Layer 1 Blockchain

Decentralized Finance (DeFi)
Updated Apr 2026

The base blockchain network that independently validates and records transactions without relying on another chain.

What is Layer 1?

A Layer 1 (L1) blockchain is a foundational, self-sufficient blockchain network that independently processes, validates, and records transactions using its own consensus mechanism, native token, and security model. Bitcoin and Ethereum are the most prominent Layer 1 blockchains; others include Solana, Avalanche, BNB Chain, and Cardano. Layer 1 blockchains face the 'blockchain trilemma' — the difficulty of simultaneously achieving decentralization, security, and scalability. Bitcoin prioritizes decentralization and security at the cost of throughput (~7 transactions per second). Solana optimizes for throughput (~65,000 TPS) with trade-offs in decentralization.
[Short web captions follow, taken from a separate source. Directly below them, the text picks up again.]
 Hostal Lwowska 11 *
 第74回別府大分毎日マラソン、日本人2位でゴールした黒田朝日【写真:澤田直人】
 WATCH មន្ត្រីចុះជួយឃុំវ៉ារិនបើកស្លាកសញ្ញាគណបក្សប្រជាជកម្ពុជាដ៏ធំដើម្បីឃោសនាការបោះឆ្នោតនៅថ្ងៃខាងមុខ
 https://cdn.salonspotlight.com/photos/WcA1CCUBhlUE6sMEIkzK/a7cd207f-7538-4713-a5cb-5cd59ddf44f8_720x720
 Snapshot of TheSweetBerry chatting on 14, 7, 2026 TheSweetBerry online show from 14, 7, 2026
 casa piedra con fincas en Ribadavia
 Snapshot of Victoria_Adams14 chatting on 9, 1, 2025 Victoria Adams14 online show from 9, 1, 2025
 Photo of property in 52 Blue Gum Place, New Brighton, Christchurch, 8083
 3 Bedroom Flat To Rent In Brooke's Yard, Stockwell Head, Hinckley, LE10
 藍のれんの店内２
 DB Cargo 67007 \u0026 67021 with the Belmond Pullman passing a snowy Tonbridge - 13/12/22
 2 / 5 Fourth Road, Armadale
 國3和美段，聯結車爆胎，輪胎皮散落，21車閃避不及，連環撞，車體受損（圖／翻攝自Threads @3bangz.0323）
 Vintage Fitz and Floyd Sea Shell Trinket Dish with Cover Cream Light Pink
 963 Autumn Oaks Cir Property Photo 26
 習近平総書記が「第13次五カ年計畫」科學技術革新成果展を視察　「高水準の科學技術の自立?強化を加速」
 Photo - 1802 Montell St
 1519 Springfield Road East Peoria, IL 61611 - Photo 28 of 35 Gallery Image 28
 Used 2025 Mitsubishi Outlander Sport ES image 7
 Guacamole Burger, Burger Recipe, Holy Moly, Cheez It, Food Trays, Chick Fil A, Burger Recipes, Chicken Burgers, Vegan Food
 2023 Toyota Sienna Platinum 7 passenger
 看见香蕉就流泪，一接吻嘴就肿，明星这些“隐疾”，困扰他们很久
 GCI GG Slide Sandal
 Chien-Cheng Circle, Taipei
To scale without compromising security or decentralization, Layer 2 networks are built on top of Layer 1s, processing transactions off-chain and settling the final state back to the Layer 1. All DeFi activity ultimately settles to a Layer 1, which serves as the source of truth.

Example

Example

When a user swaps tokens on Uniswap deployed on Ethereum's Layer 1, the final transaction is recorded on Ethereum's main chain. If instead they use Uniswap on Arbitrum (a Layer 2), the swap is processed off-chain and the net result is periodically settled to Ethereum Layer 1 in a compressed batch. Ethereum's Layer 1 remains the security anchor for both cases.